The invention relates generally to the field of multiple input antenna systems and more particularly to the simultaneous use of a single antenna array by pluralities of independent and isolated radio devices.
There have been a number of different solutions to the basic problem of simultaneously using a single antenna structure in conjunction with a number of independent transmitters while maintaining isolation therebetween.
One prior solution uses a single omnidirectional antenna and couples each of the transmitters to this antenna through an associated resonant cavity. Thus an omnidirectional radiation pattern is obtained for each transmitter and the output of each transmitter will not affect the output of any other transmitter. The primary disadvantage of this system is that it requires a separate tuned resonant cavity for each transmitter. Since every transmitter must operate at a substantially different frequency in order for the resonant cavities to provide the required isolation, close channel spacing in such a system is impractical. Also, because of the requirement for a tuned resonant cavity, such a system has an inherently narrow bandwidth. In addition, the resonant cavity must be adjusted whenever the operating center frequency of a transmitter is changed.
Another solution to the problem uses an array of hybrid networks to produce a single output signal which is then used to excite a single omnidirectional antenna element.

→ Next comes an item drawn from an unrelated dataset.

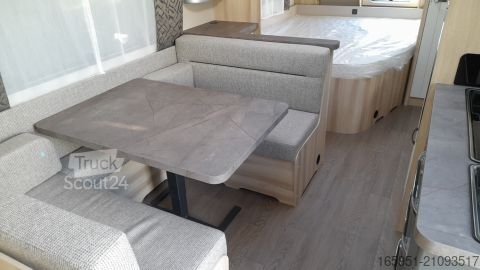 Τροχόσπιτο Hobby De Luxe 560 KMFe 2000kg Vorzeltaußensteckdose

Each of these hybrid networks combines two input signals to produce a half power output signal at one port while dissipating the rest of the power in a 50 ohm "dummy" load. In a typical eight transmitter network built according to this prior technique, a 9db loss in power is encountered. The use of hybrid networks does, however, provide isolation between the independent transmitters as well as permitting a wide bandwidth of operation for the antenna system.
Still another solution to the problem is to couple individual omnidirectional antenna elements to each of the transmitters. This solution is not practical because of the large separation that would have to exist between each of the radiating elements in order to provide sufficient isolation between each of the transmitters. Therefore the resultant antenna system would require an extremely large amount of space, especially if a large number of independent transmitters were desired.
In still another solution to the problem, two transmitters are combined by a single hybrid network and the two output signals from this network are then used to excite the two independent antenna elements in a turnstile antenna. This technique provides isolation in addition to a wide bandwidth of operation, but cannot be readily extended to more than two transmitters without using narrow band tuned elements or sacrificing a substantial amount of transmitter output power.
In the copending U.S. Pat. application Ser. No. 601,560, referred to above, a particular solution is described which provides a vast improvement over the previously mentioned prior art systems. This copending U.S. application, which is hereby incorporated by reference into the specification of the present invention, discloses the use of a hybrid combining network for receiving a plurality of independent signal sources and producing a plurality of output signals which are each coupled to an associate independent antenna element. These antenna elements each create an independent radiation pattern and these radiation patterns combine to form single composite radiation patterns for each of the independent signal sources. However, the effectiveness of this system is decreased as additional signal sources are added to the system, since these signal sources will result in an antenna array having a very large overall dimension. In addition, the complexity of the combining network is greatly increased when more than 4 independent signal sources are to be combined.